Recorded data

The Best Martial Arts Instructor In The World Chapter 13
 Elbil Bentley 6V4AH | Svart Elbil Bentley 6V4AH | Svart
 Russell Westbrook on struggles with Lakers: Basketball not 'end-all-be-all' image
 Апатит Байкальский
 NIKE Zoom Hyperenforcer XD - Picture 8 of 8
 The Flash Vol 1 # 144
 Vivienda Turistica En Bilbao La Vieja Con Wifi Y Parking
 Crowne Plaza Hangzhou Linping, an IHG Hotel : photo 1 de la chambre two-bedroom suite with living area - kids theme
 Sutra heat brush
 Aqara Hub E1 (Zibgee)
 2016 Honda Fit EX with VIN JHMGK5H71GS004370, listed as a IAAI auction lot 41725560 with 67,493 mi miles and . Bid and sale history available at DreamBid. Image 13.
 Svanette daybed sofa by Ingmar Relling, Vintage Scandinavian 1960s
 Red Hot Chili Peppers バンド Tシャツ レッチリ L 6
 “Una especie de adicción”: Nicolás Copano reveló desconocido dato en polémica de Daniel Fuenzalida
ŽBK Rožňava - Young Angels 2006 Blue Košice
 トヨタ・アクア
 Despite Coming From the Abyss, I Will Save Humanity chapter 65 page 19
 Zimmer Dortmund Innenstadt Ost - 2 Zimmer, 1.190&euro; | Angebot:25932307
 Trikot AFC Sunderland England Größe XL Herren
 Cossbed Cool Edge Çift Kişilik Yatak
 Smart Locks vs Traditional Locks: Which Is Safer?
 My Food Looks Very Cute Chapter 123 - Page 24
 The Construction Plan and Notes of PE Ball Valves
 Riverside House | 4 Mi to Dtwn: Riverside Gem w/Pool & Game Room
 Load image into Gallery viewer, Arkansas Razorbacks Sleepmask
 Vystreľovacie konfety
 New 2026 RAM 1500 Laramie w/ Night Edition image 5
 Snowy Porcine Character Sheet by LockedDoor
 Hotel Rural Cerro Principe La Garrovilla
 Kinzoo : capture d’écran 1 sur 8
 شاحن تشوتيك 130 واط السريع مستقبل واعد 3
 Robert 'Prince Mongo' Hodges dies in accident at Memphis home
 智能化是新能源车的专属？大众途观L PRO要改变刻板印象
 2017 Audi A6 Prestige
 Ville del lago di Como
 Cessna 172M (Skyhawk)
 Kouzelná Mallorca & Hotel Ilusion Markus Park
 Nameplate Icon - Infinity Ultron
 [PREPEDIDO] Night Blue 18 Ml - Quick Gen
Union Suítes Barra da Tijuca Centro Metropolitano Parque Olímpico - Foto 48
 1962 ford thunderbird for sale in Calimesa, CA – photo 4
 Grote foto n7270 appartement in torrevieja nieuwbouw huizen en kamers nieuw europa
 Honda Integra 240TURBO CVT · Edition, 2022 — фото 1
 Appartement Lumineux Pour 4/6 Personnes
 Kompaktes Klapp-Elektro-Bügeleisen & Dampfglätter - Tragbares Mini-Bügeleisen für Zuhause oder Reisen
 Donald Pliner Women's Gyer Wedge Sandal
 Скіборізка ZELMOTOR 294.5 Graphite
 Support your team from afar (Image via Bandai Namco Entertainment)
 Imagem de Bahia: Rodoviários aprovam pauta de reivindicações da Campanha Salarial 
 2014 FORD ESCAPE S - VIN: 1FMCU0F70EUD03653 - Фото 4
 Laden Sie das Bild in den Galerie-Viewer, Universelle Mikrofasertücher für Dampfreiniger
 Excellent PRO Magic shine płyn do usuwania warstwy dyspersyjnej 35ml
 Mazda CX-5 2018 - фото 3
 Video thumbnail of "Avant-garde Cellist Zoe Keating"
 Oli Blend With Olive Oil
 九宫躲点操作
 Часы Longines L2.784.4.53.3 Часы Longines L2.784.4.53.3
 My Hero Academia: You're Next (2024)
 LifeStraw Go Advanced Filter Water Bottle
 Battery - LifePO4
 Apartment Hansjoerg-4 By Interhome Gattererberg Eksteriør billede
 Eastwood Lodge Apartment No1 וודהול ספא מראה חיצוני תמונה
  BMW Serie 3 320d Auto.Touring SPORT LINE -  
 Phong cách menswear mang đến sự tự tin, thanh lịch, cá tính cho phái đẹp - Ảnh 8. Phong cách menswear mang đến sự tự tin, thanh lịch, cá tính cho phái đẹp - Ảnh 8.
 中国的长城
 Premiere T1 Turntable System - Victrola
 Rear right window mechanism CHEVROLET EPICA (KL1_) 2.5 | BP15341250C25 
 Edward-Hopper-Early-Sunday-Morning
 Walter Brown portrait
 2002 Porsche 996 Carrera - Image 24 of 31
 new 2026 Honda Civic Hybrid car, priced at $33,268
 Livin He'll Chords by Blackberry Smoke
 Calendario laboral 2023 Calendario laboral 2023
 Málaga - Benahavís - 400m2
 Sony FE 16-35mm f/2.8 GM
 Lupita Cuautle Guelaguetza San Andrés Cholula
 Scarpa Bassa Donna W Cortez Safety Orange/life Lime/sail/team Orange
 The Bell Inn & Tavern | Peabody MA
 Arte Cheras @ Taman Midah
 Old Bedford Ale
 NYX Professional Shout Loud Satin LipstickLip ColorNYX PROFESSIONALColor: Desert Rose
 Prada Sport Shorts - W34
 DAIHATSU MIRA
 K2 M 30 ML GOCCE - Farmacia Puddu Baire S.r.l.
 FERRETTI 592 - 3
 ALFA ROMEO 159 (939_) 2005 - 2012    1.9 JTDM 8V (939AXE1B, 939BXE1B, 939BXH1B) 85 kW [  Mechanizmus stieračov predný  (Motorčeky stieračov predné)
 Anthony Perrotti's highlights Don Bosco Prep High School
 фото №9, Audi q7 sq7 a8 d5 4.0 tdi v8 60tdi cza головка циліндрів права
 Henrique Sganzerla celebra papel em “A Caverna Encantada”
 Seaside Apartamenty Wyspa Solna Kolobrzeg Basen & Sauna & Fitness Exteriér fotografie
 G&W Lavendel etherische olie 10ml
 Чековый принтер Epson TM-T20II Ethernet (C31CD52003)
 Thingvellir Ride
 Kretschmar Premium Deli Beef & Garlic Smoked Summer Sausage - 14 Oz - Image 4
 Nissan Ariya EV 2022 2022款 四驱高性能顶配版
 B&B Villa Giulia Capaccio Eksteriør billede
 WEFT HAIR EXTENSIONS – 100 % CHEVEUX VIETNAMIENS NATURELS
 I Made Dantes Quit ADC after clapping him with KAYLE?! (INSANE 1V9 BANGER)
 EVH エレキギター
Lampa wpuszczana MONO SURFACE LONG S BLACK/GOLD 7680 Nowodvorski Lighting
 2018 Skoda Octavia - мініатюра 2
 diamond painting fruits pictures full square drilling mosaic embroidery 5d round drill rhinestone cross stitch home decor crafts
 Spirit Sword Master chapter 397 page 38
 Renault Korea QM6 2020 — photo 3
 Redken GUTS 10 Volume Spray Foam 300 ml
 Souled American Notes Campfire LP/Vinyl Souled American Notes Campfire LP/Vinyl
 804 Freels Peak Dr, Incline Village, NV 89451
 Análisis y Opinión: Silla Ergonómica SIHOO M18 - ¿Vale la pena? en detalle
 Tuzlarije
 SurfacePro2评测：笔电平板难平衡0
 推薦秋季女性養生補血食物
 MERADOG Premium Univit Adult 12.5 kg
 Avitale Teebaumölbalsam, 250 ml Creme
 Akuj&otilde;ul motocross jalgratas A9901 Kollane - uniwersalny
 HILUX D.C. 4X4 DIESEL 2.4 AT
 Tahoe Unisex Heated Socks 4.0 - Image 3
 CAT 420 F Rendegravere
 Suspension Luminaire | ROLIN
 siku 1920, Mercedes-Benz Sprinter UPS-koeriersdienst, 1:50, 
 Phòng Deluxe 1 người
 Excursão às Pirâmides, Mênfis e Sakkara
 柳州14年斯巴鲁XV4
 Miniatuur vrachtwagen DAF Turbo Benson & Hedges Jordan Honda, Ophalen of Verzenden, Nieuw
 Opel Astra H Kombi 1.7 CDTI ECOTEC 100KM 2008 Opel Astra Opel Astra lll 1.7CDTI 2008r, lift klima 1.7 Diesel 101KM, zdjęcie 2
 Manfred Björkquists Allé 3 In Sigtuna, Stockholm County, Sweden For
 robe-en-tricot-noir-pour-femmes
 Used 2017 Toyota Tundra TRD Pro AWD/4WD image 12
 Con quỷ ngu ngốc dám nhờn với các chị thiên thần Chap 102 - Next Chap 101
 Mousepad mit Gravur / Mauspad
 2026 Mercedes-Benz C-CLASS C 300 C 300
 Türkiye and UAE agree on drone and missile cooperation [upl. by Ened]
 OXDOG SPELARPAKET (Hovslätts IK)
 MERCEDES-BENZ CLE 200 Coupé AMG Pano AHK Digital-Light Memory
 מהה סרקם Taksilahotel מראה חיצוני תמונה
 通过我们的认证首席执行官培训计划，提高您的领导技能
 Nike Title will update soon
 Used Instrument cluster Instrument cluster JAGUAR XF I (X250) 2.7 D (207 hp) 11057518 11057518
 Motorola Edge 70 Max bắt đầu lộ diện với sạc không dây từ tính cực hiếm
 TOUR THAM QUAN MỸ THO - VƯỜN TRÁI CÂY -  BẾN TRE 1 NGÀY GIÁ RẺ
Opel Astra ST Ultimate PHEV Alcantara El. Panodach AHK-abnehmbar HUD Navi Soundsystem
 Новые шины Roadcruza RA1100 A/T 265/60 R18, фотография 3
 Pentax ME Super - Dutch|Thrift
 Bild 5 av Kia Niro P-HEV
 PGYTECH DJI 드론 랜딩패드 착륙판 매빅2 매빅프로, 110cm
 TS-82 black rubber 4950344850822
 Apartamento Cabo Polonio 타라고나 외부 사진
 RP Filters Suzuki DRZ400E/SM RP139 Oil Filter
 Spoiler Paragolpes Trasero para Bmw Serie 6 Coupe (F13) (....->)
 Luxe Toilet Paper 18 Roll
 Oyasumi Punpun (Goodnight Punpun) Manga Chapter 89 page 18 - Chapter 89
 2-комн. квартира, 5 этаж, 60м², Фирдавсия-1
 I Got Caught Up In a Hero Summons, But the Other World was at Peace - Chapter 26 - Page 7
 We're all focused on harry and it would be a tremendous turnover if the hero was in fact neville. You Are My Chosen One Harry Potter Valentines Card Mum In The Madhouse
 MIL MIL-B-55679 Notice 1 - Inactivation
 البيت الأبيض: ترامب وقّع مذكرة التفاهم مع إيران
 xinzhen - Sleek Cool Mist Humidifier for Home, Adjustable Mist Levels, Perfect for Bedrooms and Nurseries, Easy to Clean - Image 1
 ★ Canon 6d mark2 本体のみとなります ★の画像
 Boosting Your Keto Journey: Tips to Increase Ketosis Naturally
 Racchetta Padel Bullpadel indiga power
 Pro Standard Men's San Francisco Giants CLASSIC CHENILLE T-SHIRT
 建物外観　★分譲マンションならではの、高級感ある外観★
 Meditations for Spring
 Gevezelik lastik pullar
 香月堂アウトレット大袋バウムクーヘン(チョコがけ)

- [Problem to solve] From the records above, print exactly the lines that run from the line with "Málaga - Benahavís - 400m2" to the line with "804 Freels Peak", inclusive.

- [Response below]
 Málaga - Benahavís - 400m2
 Sony FE 16-35mm f/2.8 GM
 Lupita Cuautle Guelaguetza San Andrés Cholula
 Scarpa Bassa Donna W Cortez Safety Orange/life Lime/sail/team Orange
 The Bell Inn & Tavern | Peabody MA
 Arte Cheras @ Taman Midah
 Old Bedford Ale
 NYX Professional Shout Loud Satin LipstickLip ColorNYX PROFESSIONALColor: Desert Rose
 Prada Sport Shorts - W34
 DAIHATSU MIRA
 K2 M 30 ML GOCCE - Farmacia Puddu Baire S.r.l.
 FERRETTI 592 - 3
 ALFA ROMEO 159 (939_) 2005 - 2012    1.9 JTDM 8V (939AXE1B, 939BXE1B, 939BXH1B) 85 kW [  Mechanizmus stieračov predný  (Motorčeky stieračov predné)
 Anthony Perrotti's highlights Don Bosco Prep High School
 фото №9, Audi q7 sq7 a8 d5 4.0 tdi v8 60tdi cza головка циліндрів права
 Henrique Sganzerla celebra papel em “A Caverna Encantada”
 Seaside Apartamenty Wyspa Solna Kolobrzeg Basen & Sauna & Fitness Exteriér fotografie
 G&W Lavendel etherische olie 10ml
 Чековый принтер Epson TM-T20II Ethernet (C31CD52003)
 Thingvellir Ride
 Kretschmar Premium Deli Beef & Garlic Smoked Summer Sausage - 14 Oz - Image 4
 Nissan Ariya EV 2022 2022款 四驱高性能顶配版
 B&B Villa Giulia Capaccio Eksteriør billede
 WEFT HAIR EXTENSIONS – 100 % CHEVEUX VIETNAMIENS NATURELS
 I Made Dantes Quit ADC after clapping him with KAYLE?! (INSANE 1V9 BANGER)
 EVH エレキギター
Lampa wpuszczana MONO SURFACE LONG S BLACK/GOLD 7680 Nowodvorski Lighting
 2018 Skoda Octavia - мініатюра 2
 diamond painting fruits pictures full square drilling mosaic embroidery 5d round drill rhinestone cross stitch home decor crafts
 Spirit Sword Master chapter 397 page 38
 Renault Korea QM6 2020 — photo 3
 Redken GUTS 10 Volume Spray Foam 300 ml
 Souled American Notes Campfire LP/Vinyl Souled American Notes Campfire LP/Vinyl
 804 Freels Peak Dr, Incline Village, NV 89451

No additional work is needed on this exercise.